De piloot van goed en kwaad
Schrijver Tommy Wieringa over Joost Conijn
De Volkskrant 6 september 2012
“Net als Leonardo da Vinci is Joost Conijn (1971) machinekunstenaar; bijna al zijn werk heeft voortbeweging tot onderwerp, met de technische gemolesteerde fietsen die Conijn als kind van straat haalde en repareerde. Op de Rietveld Academie bouwde hij een achteruitrijfiets en een houten auto waarmee hij naar Tsjernobyl reed. Het voorlopige eindpunt van zijn technisch-artistieke evolutie is de OK-NUL 43, een eenmotorig vliegtuig. Het is het tweede toestel dat hij bouwde, met het eerste stortte hij een paar jaar geleden neer in Tsjechië. Onderdelen van het wrak zijn verwerkt in de OK-NUL 43.
Da Vinci bestudeerde de vlucht van roofvogels in de heuvels van Fiesole en droomde over vliegtoestellen die hun vlucht nabootsten.
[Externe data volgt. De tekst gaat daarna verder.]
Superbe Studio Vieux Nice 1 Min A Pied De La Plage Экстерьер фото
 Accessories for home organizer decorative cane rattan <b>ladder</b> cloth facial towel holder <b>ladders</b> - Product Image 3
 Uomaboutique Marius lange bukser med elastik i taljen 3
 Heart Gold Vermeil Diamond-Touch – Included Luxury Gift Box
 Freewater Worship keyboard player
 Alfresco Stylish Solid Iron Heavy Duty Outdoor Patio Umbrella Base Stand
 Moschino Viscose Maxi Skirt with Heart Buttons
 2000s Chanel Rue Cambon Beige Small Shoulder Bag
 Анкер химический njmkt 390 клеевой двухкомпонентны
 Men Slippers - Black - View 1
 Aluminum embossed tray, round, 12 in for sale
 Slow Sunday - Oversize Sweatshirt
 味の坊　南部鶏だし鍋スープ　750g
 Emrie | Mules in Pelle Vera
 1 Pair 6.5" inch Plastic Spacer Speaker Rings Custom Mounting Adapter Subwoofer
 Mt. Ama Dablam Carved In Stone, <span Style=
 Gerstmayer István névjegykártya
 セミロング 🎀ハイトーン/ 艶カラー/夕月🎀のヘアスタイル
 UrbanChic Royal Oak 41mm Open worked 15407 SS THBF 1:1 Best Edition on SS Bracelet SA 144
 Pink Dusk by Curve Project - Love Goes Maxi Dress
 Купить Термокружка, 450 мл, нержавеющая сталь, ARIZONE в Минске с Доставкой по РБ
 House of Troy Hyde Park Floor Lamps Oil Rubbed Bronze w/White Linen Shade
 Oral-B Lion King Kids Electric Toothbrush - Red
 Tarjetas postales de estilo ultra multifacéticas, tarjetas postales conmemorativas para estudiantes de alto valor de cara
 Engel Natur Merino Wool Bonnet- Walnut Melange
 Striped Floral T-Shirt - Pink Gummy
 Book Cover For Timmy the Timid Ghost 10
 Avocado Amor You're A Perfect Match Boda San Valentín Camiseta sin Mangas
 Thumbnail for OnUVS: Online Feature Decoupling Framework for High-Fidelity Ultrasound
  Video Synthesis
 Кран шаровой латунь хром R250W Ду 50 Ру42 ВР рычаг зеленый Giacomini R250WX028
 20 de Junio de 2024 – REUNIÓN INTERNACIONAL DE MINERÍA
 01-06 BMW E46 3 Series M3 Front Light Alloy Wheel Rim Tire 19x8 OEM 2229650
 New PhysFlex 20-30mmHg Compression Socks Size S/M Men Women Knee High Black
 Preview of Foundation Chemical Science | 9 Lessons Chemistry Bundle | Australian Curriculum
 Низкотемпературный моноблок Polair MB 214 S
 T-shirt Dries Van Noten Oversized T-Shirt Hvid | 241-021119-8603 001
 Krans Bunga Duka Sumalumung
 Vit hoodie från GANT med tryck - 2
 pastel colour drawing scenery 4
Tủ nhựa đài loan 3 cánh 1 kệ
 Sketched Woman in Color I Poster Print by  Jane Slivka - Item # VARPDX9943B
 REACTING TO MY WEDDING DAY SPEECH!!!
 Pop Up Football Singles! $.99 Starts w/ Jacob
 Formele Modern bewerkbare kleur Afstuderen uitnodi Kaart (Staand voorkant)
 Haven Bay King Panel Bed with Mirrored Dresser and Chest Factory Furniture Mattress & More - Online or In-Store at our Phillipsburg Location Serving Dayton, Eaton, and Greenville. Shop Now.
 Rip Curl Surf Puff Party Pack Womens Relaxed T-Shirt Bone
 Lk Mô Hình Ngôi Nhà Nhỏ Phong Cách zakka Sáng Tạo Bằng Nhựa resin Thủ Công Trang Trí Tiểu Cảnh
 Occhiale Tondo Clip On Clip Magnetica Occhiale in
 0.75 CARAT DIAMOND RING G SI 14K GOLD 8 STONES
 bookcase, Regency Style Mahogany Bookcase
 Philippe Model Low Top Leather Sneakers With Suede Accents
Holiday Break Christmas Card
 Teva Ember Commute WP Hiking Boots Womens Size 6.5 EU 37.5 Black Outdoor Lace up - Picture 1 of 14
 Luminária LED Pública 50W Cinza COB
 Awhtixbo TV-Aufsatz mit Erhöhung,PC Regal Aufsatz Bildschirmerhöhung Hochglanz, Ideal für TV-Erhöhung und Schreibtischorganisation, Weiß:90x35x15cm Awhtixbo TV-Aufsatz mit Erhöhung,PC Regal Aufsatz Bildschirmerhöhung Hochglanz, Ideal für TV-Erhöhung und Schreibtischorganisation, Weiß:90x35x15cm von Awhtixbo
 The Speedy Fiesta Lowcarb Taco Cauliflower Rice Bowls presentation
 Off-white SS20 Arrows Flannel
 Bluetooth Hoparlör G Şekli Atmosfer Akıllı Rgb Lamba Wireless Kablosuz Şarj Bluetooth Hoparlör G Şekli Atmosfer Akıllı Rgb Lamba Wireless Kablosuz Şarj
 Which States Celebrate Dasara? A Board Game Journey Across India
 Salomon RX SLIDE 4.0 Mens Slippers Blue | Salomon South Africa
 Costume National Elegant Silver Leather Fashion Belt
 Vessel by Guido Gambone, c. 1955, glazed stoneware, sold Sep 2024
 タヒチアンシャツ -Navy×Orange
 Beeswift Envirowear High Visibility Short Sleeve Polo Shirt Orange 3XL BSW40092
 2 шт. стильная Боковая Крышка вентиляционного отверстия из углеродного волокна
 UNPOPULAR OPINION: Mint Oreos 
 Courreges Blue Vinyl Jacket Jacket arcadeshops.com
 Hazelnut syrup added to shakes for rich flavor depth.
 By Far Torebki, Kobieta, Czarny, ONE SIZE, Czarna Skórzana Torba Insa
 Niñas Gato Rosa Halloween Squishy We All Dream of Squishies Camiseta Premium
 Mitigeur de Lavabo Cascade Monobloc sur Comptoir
In de kantlijn van zijn aantekenvellen profeteerde hij: ‘De grote vogel zal zijn eerste vlucht maken vanaf de hellingen van Monte Ceceri, hij zal het universum verbazen, zijn faam zal overal beschreven worden en het nest waarin hij geboren werd eeuwige roem brengen.’
Kan niet en mag niet brachten hem ertoe
dat te gaan doen wat onmogelijk werd geacht.
Op 29 december 1999, in de Marokkaanse Sahara, stijgt Joost Conijn voor het eerst op in het toestel dat hij bouwde van sloopmateriaal. Hij heeft er weken van proberen opzitten, veel ging mis, maar nu, aan het eind van een lange, hete dag, komt hij eindelijk de lucht in en verdwijnt aan de horizon.
Zijn hele leven al, en tijdens zijn opleiding aan de kunstacademie in het bijzonder, werd hij door twee zinnetjes achtervolgd: ‘dat kan niet’, en, als het wel bleek te kunnen, ‘dat mag niet.’ Kan niet en mag niet brachten hem ertoe dat te gaan doen wat onmogelijk werd geacht.
In zijn dromen vliegt hij met zijn armen wijd uitgespreid, soms begint hij met een sprong zoals Da Vinci voor zich zag vanaf de helling van Monte Ceceri. Gedurende de val wordt hij steeds lichter, tot hij vliegt. Soms ook stijgt hij in een droom boven een gezelschap uit, de mensen beneden hebben het op hem voorzien maar kunnen hem niet pakken. Als de toverkracht is uitgewerkt en hij weer tussen de mensen moet landen, verandert het van een gelukkige in een droevige droom.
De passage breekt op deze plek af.